Serge Petrenko sergepetrenko at tarantool.org
Fri Oct 22 09:36:23 MSK 2021

22.10.2021 01:06, Vladislav Shpilevoy пишет:
>>>> Actually you do need to count writes here.
>>>> The wait_cond for ERRINJ_WAL_WRITE_COUNT == write_cnt + 3
>>>> is needed to make sure you receive (and thus try to process)
>>>> insert {3} **before** the replica is re-enabled.
>>>> Otherwise we can't be sure that the test is correct. You may simply
>>>> perform a select before insert{3} has reached the replica.
>>> You know, I spent a few hours trying to pass the test waiting for
>>> ERRINJ_WAL_WRITE_COUNT == write_cnt + 3 and finally realized that
>>> it seems that is what happens: the replica1 is not longer a leader
>>> and when this record reach our replica3 node we NOPify it then
>>> we run
>>> apply_row
>>>     if (request.type == IPROTO_NOP)
>>>       return process_nop()
>>> thus this record even not reaching the journal at all and that is
>>> why waiting for write_cnt + 3 lasts forever. If only I didn't miss
>>> something obvious.
>> Unfortunately, this is not the case. A NOP entry still reaches WAL.
>> That's why we need NOP entries: they reside in WAL but do nothing.
>> That's for vclock bump sake. Otherwise we could skip such entries
>> completely, without nopifying them.
>> So, even if the entry is nopified, it would enter WAL sooner or later.
>> I just realised what the problem is: the entry is waiting on a limbo latch
>> inside the NOPify procedure.

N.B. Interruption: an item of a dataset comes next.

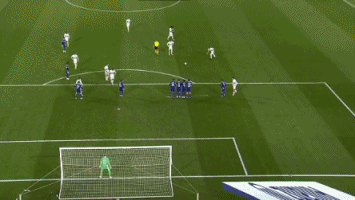 王建民在 2008 年初对阵凯尔·洛希，投出了其生涯最快的一记 96 英里沉球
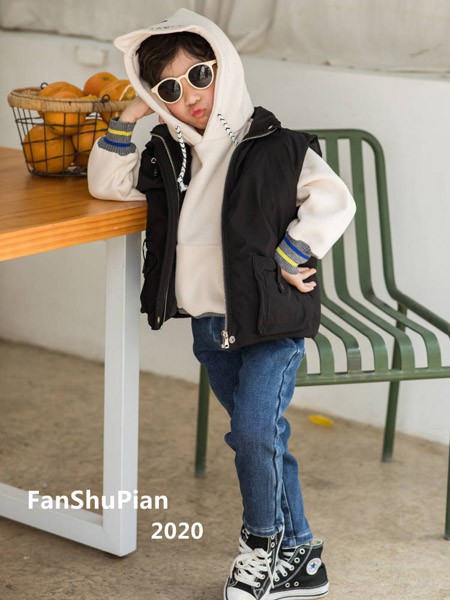 拾恩初＆番薯片2020秋冬季黑色纯色马夹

That's why it never reaches the journal
>> (until we re-enable replica3, at least).
>> I don't know how to wait for this entry's arrival then.
>> The current test version looks OK to me.
>> Vlad, do you have any ideas here?
> I think it might worth adding an errinj for the number of blocked
> fibers waiting on the limbo latch. Could even expose that to box.info.qsync,
> seems like useful info. Would help to measure contention.

This might be useful, indeed.
Cyrill, let's implement `box.info.synchro.queue.waiters` then and use it 
in the test.
Or any other suitable name if you guys come up with one.